En outre, le régulateur lui a interdit d'occuper un poste de directeur ou de cadre dirigeant clé (KMP) dans une société cotée ou tout intermédiaire enregistré auprès de la SEBI pendant une période de cinq ans.

D'autres personnes clés nommées dans l'ordonnance, y compris d'anciens responsables de la RHFL tels qu'Amit Bapna, Ravindra Sudhalkar et Pinkesh R Shah, ont également été lourdement sanctionnées, avec des amendes allant de ₹21 crore à ₹27 crore.

L'enquête du régulateur a révélé que ces individus ont joué un rôle essentiel en permettant le détournement de fonds par le biais de divers emprunteurs intermédiaires, dont beaucoup étaient liés aux promoteurs de RHFL.

Le stratagème de détournement : comment les fonds ont été détournés

Selon l'ordonnance finale de 222 pages de la SEBI, les activités frauduleuses de RHFL impliquaient de dissimuler le détournement de fonds en prêts à des entités étroitement associées à Anil Ambani.

Ces prêts ont été accordés à des entreprises avec peu ou pas d’actifs, de flux de trésorerie ou de valeur nette. Les fonds ont ensuite été acheminés vers d’autres emprunteurs, qui se sont également révélés être liés à Ambani et à ses entités.

Malgré les directives claires du conseil d’administration de RHFL visant à mettre un terme à de telles pratiques de prêt, la direction de la société, sous l’influence d’Ambani, a ignoré ces ordres.

L'enquête de la SEBI a conclu que ce mépris des normes de gouvernance a permis au système frauduleux de se poursuivre, entraînant finalement des pertes financières importantes pour la société et ses actionnaires.

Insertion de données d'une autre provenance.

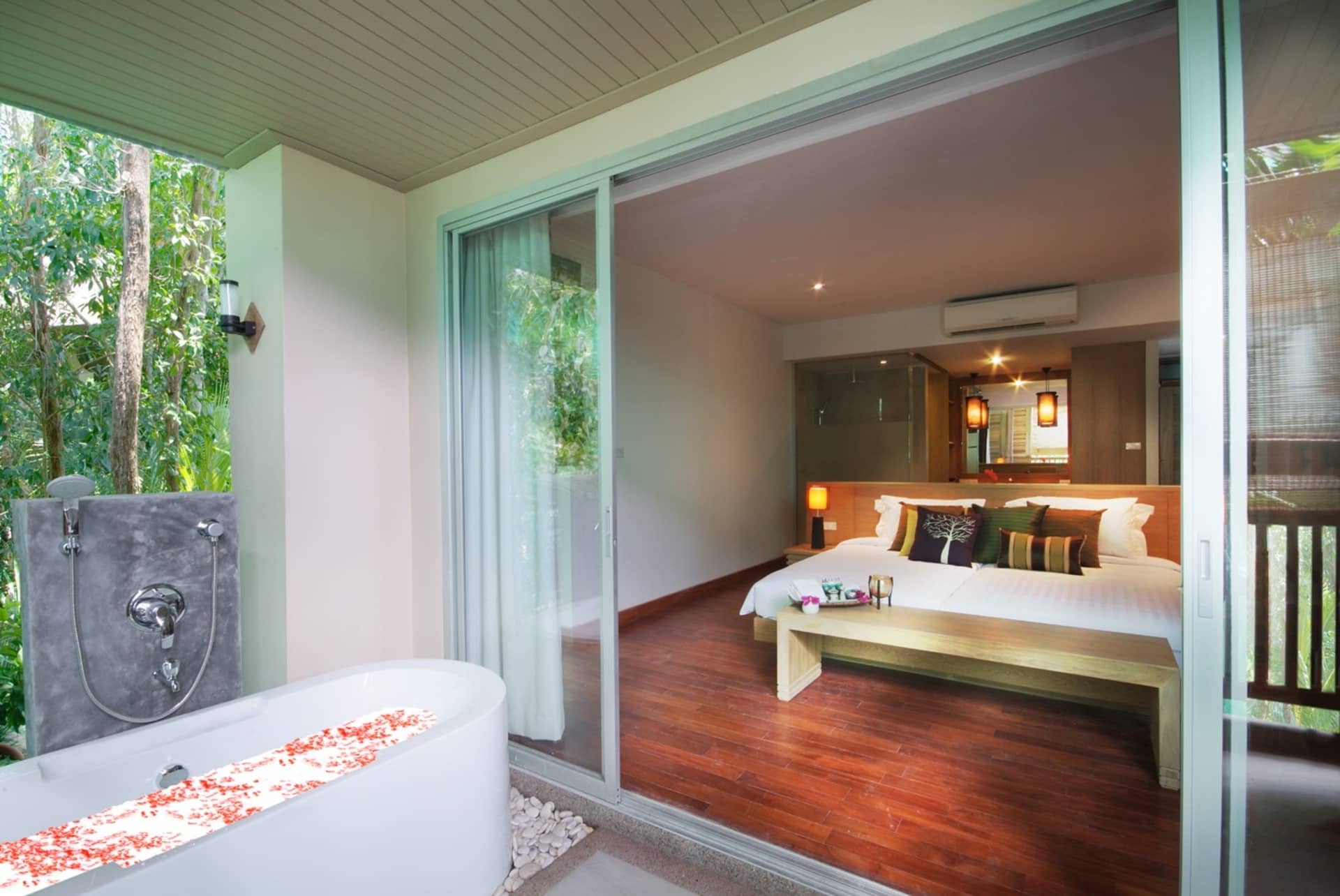 Pakasai Resort - zdjęcie 22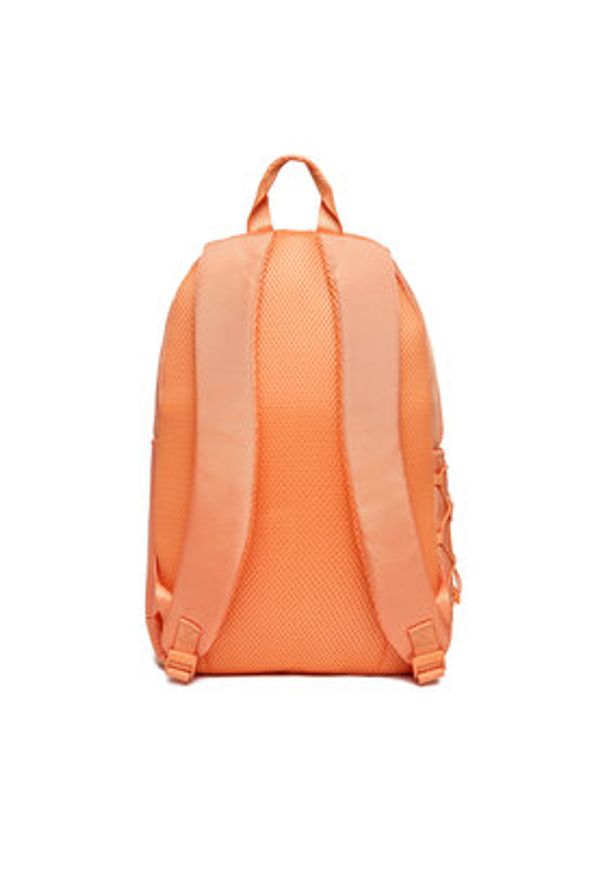 Reebok Plecak CWBEO-RBK-WS-004-09 Pomarańczowy. Kolor: pomarańczowy. Materiał: materiał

Impact sur RHFL et ses actionnaires

À la suite de ces activités frauduleuses, RHFL a connu de graves difficultés financières et a fini par ne plus honorer ses obligations en matière de dette.

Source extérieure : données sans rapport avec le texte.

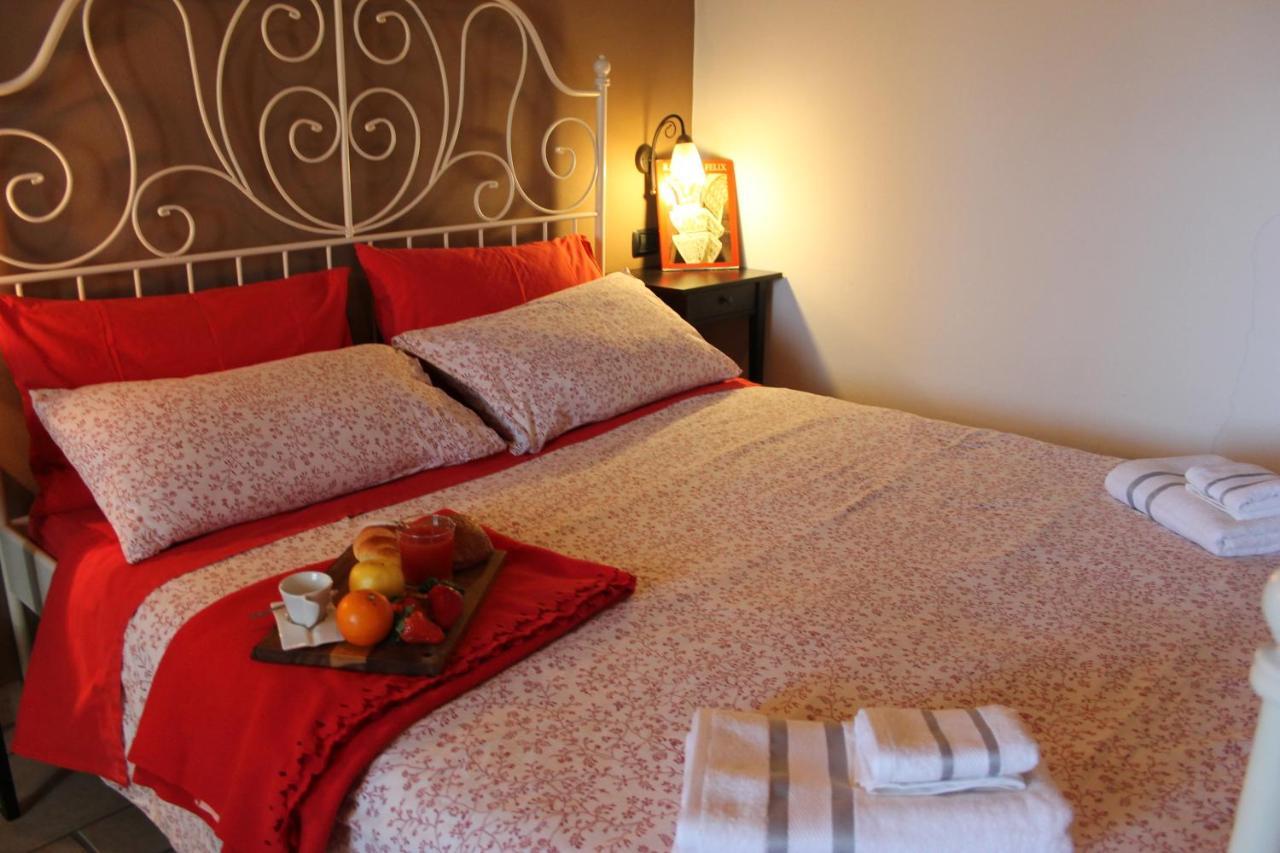 B&B Polepole Равенна Екстер'єр фото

Le cours de l'action de la société a chuté de 59,60 ₹ en mars 2018 à seulement 0,75 ₹ en mars 2020, ce qui reflète l'ampleur des dégâts causés par le détournement de fonds. Aujourd'hui encore, plus de 9 lakh actionnaires restent investis dans RHFL, confrontés à des pertes substantielles.

L'ordonnance de la SEBI note que même si la société elle-même a été interdite de marché des valeurs mobilières pendant six mois, la responsabilité principale de la fraude incombe aux individus qui ont orchestré le stratagème.

Le régulateur a souligné que la direction et les promoteurs de RHFL, en particulier Anil Ambani, doivent être tenus responsables de cette mauvaise conduite.

Réaction du marché et implications plus larges

Suite à l'ordre de la SEBI, les actions des sociétés du groupe Anil Dhirubhai Ambani (ADAG) ont connu une forte baisse en bourse.

Les actions de RHFL ont atteint le circuit inférieur de 5 %, tandis que d'autres sociétés du groupe telles que Reliance Power et Reliance Infrastructure ont également connu des baisses significatives du cours de leurs actions.

La réponse du marché reflète les préoccupations plus larges concernant la gouvernance et la stabilité financière au sein du groupe ADAG.

L'ordonnance de la SEBI affecte non seulement la capacité d'Ambani à participer au marché des valeurs mobilières, mais soulève également des questions sur l'avenir de ses entreprises restantes.

Batailles juridiques et difficultés financières

Les difficultés financières d'Anil Ambani sont aggravées par des batailles juridiques en cours. En avril, la Cour suprême de l'Inde a annulé une sentence arbitrale de 8 000 crores de roupies en faveur d'une société du groupe d'Ambani, ajoutant une pression supplémentaire à la situation financière déjà précaire de Reliance Infrastructure.

Le groupe est actuellement en restructuration de sa dette, et les derniers déboires juridiques vont probablement aggraver ses problèmes de trésorerie.

Alors que les défis juridiques et financiers auxquels sont confrontés Ambani et ses entreprises continuent de s'accumuler, les implications plus larges de l'ordonnance de la SEBI auront probablement un impact durable sur la confiance des investisseurs et la stabilité du marché en Inde.